*Exercise directions*.
Please output the line containing "Close-up of a" and all lines that follow it in the data below, exactly, with no pictures.

[Scraped caption text data]
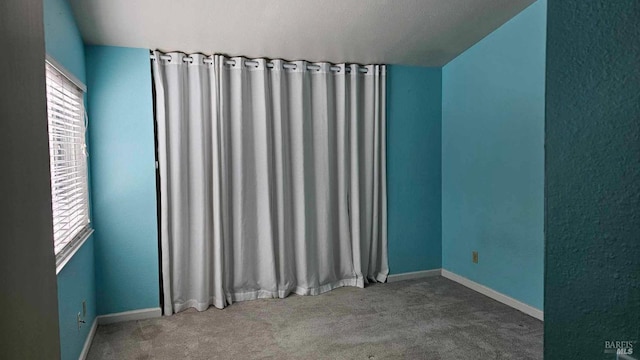 spare room with carpet and baseboards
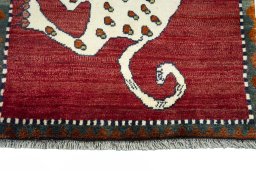 Central medallion detail of 2000s Persian Gabbeh rug from Iran / Persia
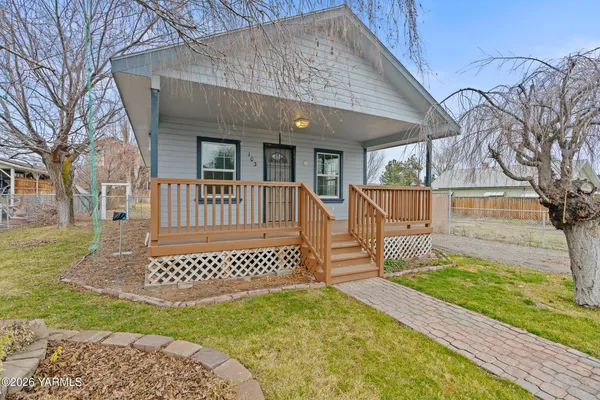 a view of a house with a small yard and wooden fence
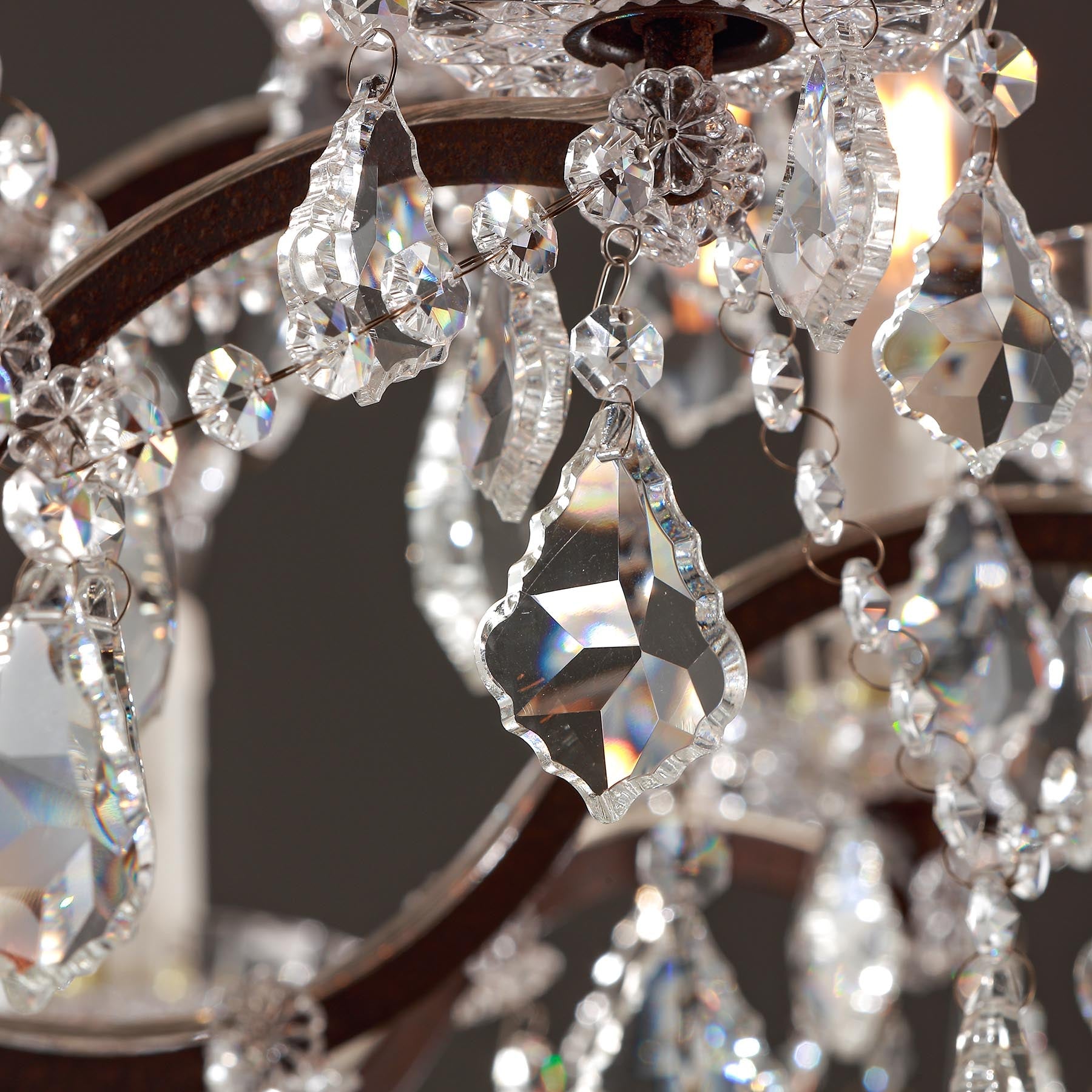 Close-up of a crystal chandelier with a blurred background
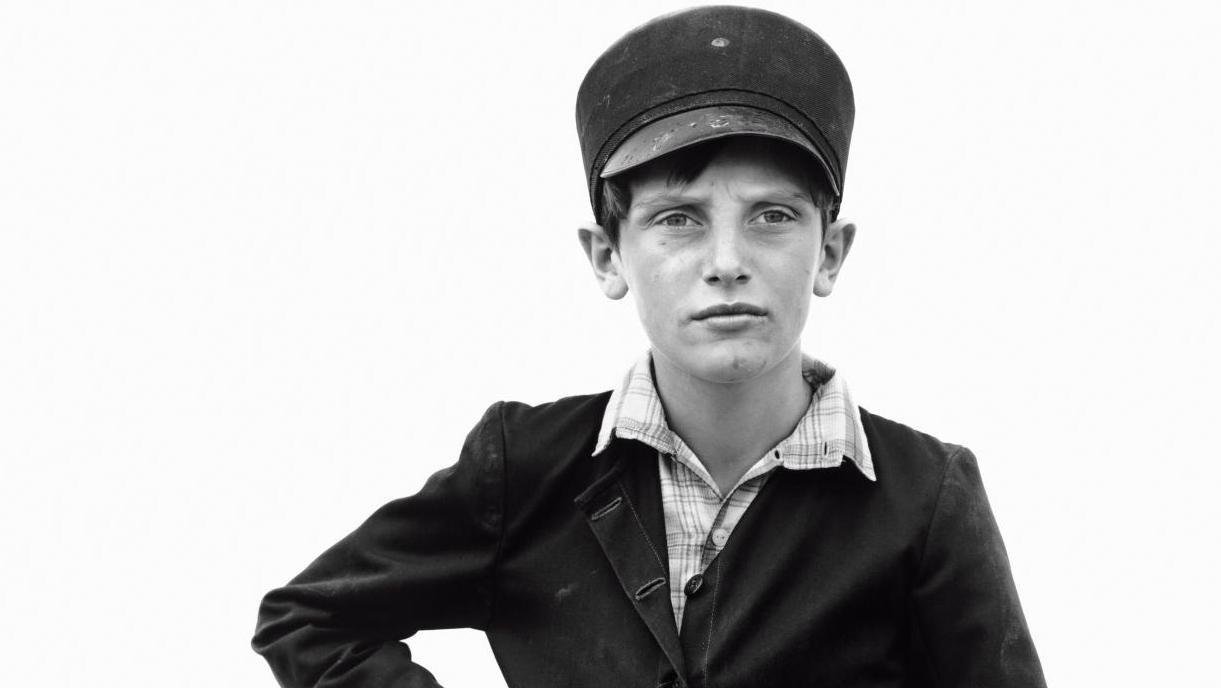 Retrato en blanco y negro de un niño con gorra y chaqueta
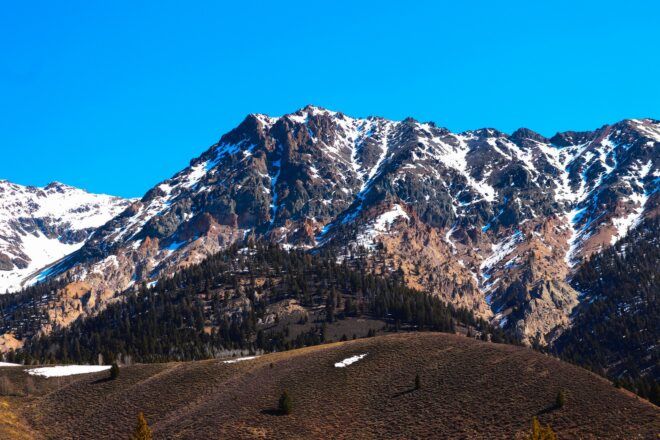 A mountain range with a few spots of snow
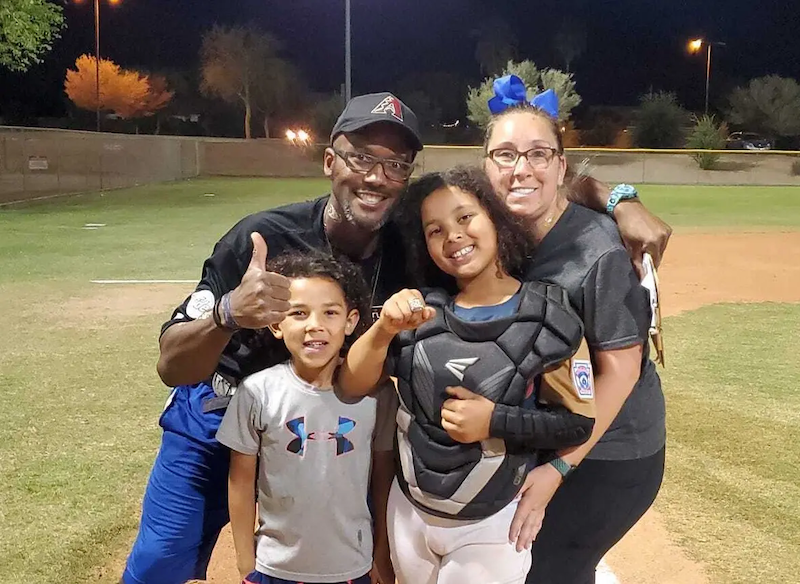 Andre and his family at a baseball game.
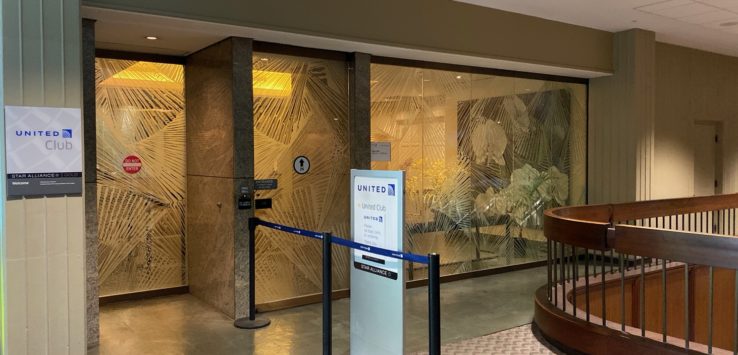 a glass wall with a railing and a sign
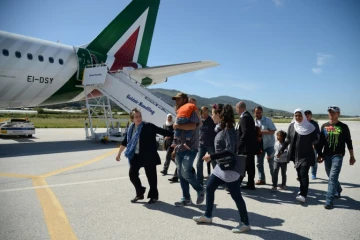 Des familles de réfugiés syriens embarquent à bord de l'avion du pape le 16 avril 2016 à l'aéroport de Mytilène 
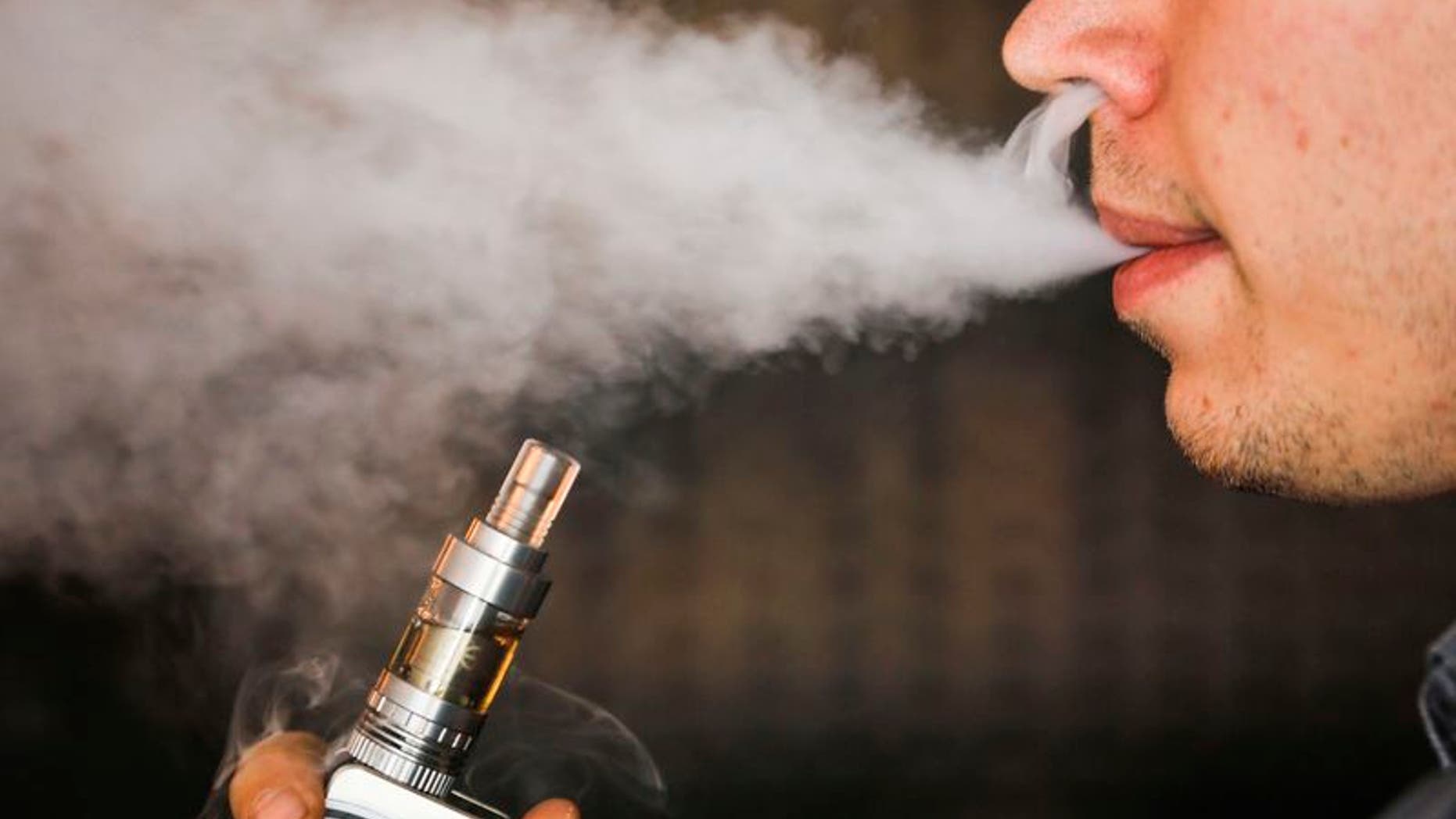 A man smokes an electronic cigarette vaporizer, also known as an e-cigarette, in Toronto, in this August 7, 2015, file photo. REUTERS/Mark Blinch/Files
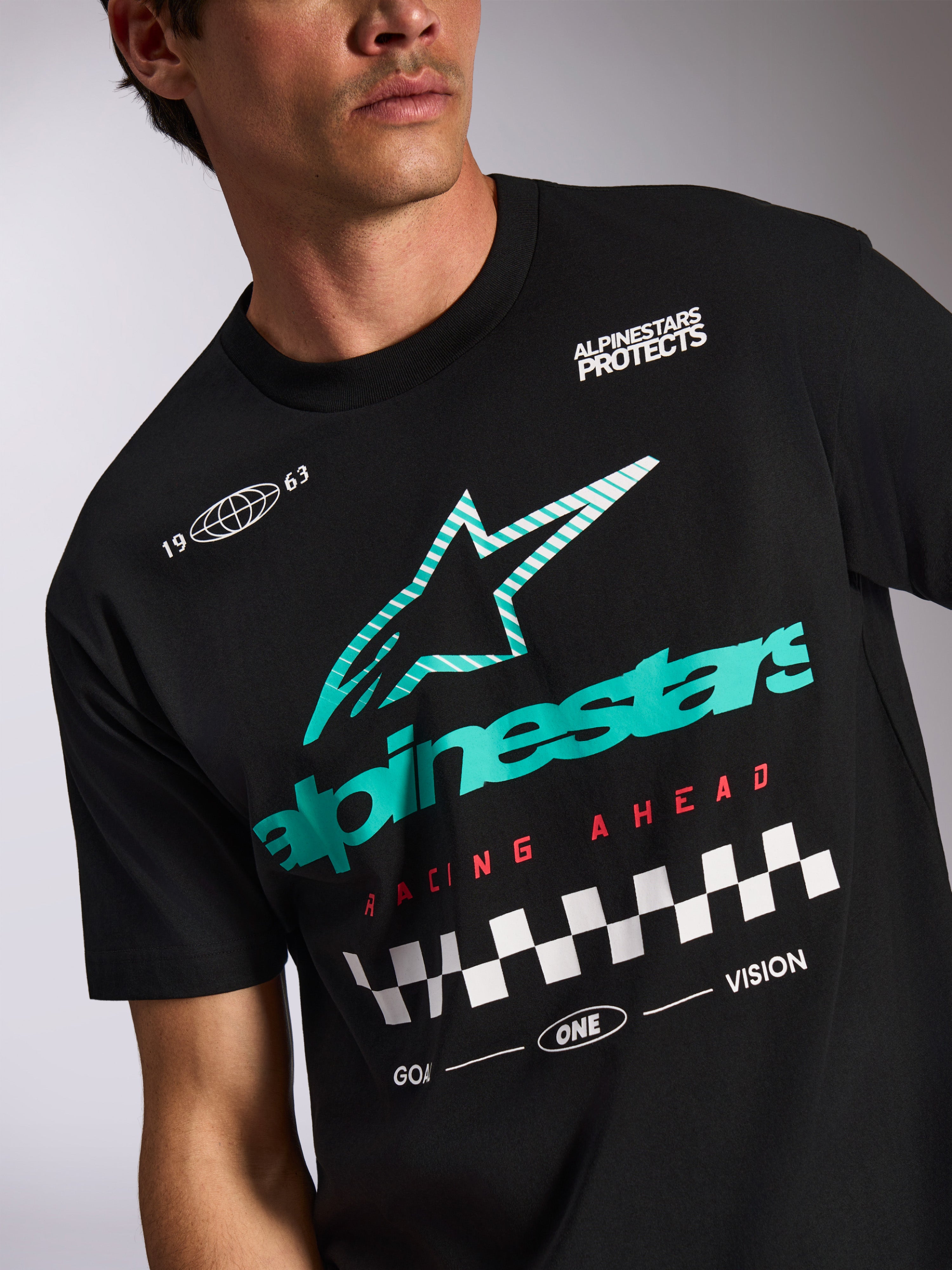 Alpinestars Aplomb Oversized CSF Tee, Short Sleeve T-Shirt, Black, Teal and white striped Astars logo, red 'Racing Ahead' text with checkered flag pattern, casual motorsport streetwear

*The answer*.
 Close-up of a crystal chandelier with a blurred background
 Retrato en blanco y negro de un niño con gorra y chaqueta
 A mountain range with a few spots of snow
 Andre and his family at a baseball game.
 a glass wall with a railing and a sign
 Des familles de réfugiés syriens embarquent à bord de l'avion du pape le 16 avril 2016 à l'aéroport de Mytilène 
 A man smokes an electronic cigarette vaporizer, also known as an e-cigarette, in Toronto, in this August 7, 2015, file photo. REUTERS/Mark Blinch/Files
 Alpinestars Aplomb Oversized CSF Tee, Short Sleeve T-Shirt, Black, Teal and white striped Astars logo, red 'Racing Ahead' text with checkered flag pattern, casual motorsport streetwear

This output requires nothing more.